East-West University, which is facing a union drive by its adjuncts, is planning to offer them big raises. A spokesman confirmed that the university plans to offer adjuncts without a Ph.D. a 13 percent increase in the fall, and those with a Ph.D. a 20 percent increase. According to the spokesman, the raises have nothing to do with the union drive, but are the results of a faculty review of adjunct pay at other Chicago institutions -- and the realization that East-West had fallen behind. The university has been facing criticism for new policies that officially notified adjuncts that they had no work this summer and that they would need to interview with the chancellor to obtain teaching assignments in the fall. Organizers of the union, which aims to affiliate with the National Education Association, believe these shifts were designed to delay a union vote, but the university denies this. One union organizer called the planned raises "window dressing."

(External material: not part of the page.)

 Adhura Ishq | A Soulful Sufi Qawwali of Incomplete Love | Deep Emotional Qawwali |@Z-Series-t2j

A federal appeals court on Wednesday overturned a lower court's 2008 decision that shielded the Apollo Group, Inc., from a jury's $277 million verdict against it in a shareholder lawsuit. The ruling by the U.S. Court of Appeals for the Ninth Circuit essentially reinstated the jury's 2008 finding that a group of stockholders in the parent company of the University of Phoenix were harmed by the company's approach to disclosing information about a critical government report. Although the jury called for Apollo to pay $277.5 million in damages, a federal judge overturned that verdict in August 2008, ruling in Apollo's favor. But in its ruling Wednesday, which Apollo critiqued, the Ninth Circuit appeals panel said that the lower court judge had "erred" and that the damages award should stand.

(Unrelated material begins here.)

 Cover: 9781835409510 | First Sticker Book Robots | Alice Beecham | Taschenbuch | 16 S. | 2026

The 80-hour maximum work week (based on a four-week average) wouldn't be changed under proposed rules for medical residents issued Wednesday by a committee of the Accrediting Council for Graduate Medical Education. The committee said that the maximum was not inherently dangerous to medical care, as some critics have charged. At the same time, however, the committee did propose other changes, including a limit of a 16-hour day for first-year residents and more detailed instructions on the direction that must be provided to first-year residents. The Association of American Medical Colleges issued a statement praising the new recommendations.